TF Performance improvement

Mink · May 11, 2018, 1:14pm

Hi, how is it possible to speed up the TF process?

Situation: One 150Mb textfile calculate TF.

Workflow:
Flat File Document Parser then Number Filter then Punctuation Erasure then Stop Word Filter then Bag Of Words Creator this is very fast it takes 2-3 seconds but then TF Node takes over 10 hours.

The machine is used are a gaming computer.

What is a good way to speed up this execution?

Thank you!

Patrick1974 · May 13, 2018, 5:11am

Hey @Mink,

assumed you run Windows as OS, what does the task manager show about “Performance”?
Is the CPU at top or the disk I/Os or the Network…?
Depending on that info, the community could narrow down some optimization alternatives.

Kind regards,

Patrick.

Mink · May 14, 2018, 7:48am

Thanks for your answer. Ubuntu 16.04 i use. The cores usage are on 100%. In general what is a fast way to convert a big txt file like more GBs to a KNIME Document type? This takes very long too. The nodes between Flat File Document Parser and TF are fast. There are some settings to solve this?

RolandBurger · May 14, 2018, 8:14am

Hi Mink,

Please have a look at this blog post to get some pointers for performance tweaks: https://www.knime.com/blog/optimizing-knime-workflows-for-performance

If you haven’t increased the default memory allocated to KNIME, that should be your first step. In addition, you could try to narrow down your feature space even further. E.g., you could use as POS tagger node first, and then a Tag Filter to only select nouns.

Cheers,
Roland

Mink · May 15, 2018, 7:22am

Hi Roland. Thanks for your answer. I set the allocated memory to a higher size. But it’s still slow. I found a solution for a faster execution I split this 150Mb file to 3200 files and then the TF node takes 32min to execute. This works for my task. Thanks.

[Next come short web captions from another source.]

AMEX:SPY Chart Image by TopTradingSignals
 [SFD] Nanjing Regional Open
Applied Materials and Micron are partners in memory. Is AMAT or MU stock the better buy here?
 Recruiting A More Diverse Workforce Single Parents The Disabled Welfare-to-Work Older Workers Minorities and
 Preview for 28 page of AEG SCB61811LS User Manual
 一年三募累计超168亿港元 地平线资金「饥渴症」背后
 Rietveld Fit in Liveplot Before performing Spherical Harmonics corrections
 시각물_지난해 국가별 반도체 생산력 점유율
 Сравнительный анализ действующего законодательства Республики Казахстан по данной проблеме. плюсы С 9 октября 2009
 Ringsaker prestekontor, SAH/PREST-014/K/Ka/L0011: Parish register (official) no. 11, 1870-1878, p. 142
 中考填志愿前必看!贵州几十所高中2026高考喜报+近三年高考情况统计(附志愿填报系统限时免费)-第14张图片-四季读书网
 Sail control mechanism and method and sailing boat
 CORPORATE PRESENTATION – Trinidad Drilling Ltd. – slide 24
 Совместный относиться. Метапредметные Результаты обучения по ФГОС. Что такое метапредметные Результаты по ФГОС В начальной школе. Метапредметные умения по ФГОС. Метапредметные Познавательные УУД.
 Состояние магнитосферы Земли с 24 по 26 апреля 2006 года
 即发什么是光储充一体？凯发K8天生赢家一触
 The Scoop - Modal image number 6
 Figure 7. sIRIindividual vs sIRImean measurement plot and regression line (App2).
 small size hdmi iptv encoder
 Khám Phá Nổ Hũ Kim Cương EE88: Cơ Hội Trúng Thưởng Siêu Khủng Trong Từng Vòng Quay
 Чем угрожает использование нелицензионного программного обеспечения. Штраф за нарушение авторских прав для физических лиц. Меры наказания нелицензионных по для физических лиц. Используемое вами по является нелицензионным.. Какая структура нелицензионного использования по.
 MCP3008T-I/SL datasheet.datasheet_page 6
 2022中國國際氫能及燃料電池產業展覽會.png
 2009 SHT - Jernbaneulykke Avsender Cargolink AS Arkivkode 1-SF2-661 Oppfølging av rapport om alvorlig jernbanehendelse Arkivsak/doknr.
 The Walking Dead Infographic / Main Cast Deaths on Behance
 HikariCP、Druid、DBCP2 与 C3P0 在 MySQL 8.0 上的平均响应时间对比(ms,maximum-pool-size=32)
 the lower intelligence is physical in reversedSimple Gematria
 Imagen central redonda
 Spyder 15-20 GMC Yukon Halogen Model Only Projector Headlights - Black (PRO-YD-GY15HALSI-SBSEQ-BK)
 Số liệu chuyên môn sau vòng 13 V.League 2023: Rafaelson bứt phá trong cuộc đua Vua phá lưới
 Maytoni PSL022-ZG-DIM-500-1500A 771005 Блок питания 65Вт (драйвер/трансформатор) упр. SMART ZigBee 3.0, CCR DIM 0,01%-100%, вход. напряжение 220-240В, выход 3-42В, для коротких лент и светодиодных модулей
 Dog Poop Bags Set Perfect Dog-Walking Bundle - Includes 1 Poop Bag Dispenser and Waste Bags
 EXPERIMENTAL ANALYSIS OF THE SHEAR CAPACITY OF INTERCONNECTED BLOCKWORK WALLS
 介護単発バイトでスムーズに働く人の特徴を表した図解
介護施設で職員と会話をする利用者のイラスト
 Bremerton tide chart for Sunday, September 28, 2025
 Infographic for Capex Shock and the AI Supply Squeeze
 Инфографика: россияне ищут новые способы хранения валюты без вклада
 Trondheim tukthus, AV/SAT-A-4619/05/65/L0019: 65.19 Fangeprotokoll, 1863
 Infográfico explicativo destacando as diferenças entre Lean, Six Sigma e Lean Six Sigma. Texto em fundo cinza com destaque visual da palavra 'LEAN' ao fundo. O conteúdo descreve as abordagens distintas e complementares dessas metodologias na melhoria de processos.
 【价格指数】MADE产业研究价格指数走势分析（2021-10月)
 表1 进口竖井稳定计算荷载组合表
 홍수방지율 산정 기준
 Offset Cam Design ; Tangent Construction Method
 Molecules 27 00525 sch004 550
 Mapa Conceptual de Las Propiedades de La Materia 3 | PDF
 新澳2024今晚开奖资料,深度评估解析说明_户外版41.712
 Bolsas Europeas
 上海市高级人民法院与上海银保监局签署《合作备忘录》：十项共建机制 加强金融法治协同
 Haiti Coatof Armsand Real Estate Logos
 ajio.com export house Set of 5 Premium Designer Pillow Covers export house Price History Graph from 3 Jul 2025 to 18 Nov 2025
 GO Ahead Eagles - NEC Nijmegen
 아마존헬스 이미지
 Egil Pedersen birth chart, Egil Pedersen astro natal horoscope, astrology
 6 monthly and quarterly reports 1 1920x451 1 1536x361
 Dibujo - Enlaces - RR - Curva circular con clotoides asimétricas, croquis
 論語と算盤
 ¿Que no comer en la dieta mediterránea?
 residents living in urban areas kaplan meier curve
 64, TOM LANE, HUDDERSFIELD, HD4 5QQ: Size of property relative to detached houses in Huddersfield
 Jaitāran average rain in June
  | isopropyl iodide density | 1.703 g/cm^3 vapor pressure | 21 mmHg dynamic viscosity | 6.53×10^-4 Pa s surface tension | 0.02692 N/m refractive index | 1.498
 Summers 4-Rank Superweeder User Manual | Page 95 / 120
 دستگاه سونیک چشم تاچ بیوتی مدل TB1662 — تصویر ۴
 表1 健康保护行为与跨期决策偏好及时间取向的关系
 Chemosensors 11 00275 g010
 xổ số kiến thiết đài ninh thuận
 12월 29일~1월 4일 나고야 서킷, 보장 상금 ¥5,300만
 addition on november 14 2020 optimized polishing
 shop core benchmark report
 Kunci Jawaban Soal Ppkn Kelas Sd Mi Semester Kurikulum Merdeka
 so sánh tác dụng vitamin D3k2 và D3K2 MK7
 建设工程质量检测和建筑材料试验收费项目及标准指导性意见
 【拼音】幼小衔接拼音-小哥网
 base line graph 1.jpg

Patrick1974 · May 16, 2018, 5:30am

Hey @Mink,

some quick questions so others might be able to re-use your approach:
Did you split the documents using node(s) and if so, could you post this workflow?
Do you run the documents through the TF nodes sequential or parallel? If in parallel, how many TF nodes do you run at the same time?

Kind regards,

Patrick

system · May 23, 2018, 5:33am

This topic was automatically closed 7 days after the last reply. New replies are no longer allowed.